In a report tabled in Parliament last week, the Comptroller and Auditor General of India (CAG) has highlighted several issues in the functioning of working of the Central Board of Direct Taxes and the Income Tax Department. The most significant and persistent among them is that the income tax officers continue to make 'exaggerated' demands on large companies which are refunded the following financial year, along with interest. Though there have been, from time to time, several complaints against the high-handed approach of the taxman, it is not too often that the CAG documents some of these as meticulously as has been done this year. Making exaggerated demands on corporate assessees and refunding the excess with interest is an old trick of the department. What makes the latest report more meaningful is that the current head of the CAG, Rajiv Mehrishi, is a former finance secretary.
The report details several cases in which the income tax department had raised exaggerated demands on certain corporate assessees including the State Bank of India and Air India to achieve its revenue collection targets.

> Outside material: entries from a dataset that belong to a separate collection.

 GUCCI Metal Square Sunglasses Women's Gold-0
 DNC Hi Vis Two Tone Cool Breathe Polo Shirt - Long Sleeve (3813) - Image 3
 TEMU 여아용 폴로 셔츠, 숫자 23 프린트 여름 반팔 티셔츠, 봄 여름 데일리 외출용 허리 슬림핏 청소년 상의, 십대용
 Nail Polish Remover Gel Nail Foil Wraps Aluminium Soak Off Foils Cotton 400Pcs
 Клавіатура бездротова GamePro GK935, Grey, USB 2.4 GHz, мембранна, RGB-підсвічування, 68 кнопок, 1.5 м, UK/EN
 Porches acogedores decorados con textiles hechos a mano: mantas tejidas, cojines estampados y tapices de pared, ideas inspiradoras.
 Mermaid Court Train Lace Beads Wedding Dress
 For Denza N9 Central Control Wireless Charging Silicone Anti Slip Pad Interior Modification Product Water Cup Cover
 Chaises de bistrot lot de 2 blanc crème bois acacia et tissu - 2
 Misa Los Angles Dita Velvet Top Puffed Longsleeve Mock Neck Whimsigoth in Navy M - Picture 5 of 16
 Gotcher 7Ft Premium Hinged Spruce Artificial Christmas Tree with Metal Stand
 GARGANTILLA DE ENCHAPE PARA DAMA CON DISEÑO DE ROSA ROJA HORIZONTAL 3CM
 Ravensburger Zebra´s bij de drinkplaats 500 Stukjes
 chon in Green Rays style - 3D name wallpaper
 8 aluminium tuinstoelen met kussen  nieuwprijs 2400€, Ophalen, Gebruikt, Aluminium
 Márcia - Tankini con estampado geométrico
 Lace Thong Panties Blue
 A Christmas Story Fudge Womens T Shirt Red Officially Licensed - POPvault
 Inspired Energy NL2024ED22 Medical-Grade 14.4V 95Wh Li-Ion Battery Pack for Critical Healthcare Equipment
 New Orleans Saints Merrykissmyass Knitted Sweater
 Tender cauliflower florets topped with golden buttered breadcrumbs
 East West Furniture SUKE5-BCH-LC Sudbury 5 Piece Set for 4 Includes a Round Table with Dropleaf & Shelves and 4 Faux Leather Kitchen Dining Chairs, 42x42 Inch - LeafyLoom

The demands so collected were refunded in the next financial year along with interest, which eventually put a heavy burden on the exchequer. The CAG looked at a sample of cases where the taxman had added Rs 10,700 crore of income to assessees' tax returns but only a fifth of this stood scrutiny after appeal. The weaknesses highlighted by the CAG in the system underline the need for an overhaul of the tax collection system to and reign in aggressive tax practices which deliver little. Such practices may have been acceptable in the past when overzealous officers raced to meet stiff, and often unrealistic, targets set by the government for tax collections. Troubled by such unreasonable demands, the assesses may have complied, possibly due to quid pro quo deals with the assessing officer that exaggerated demand would be refunded a few months later with interest. But such practices are out of tune with a modern economy that counts rankings in the ease of doing business as an important metric.
Investor-friendliness does not end with helping an entrepreneur start a business and ensuring that she gets quick, trouble-free access to factors of production. Placing impromptu and unreasonable tax demands does not qualify for being investor-friendly. Two committees headed by Vijay Kelkar during the previous NDA regime of A B Vajpyee had called for substantial administrative reforms in tax laws and their implementation with a focus on the citizen as a "customer" of government services. Most of these critical reforms are still overdue. A reformed tax administration will not only reduce needless litigation but also lead to buoyant revenues.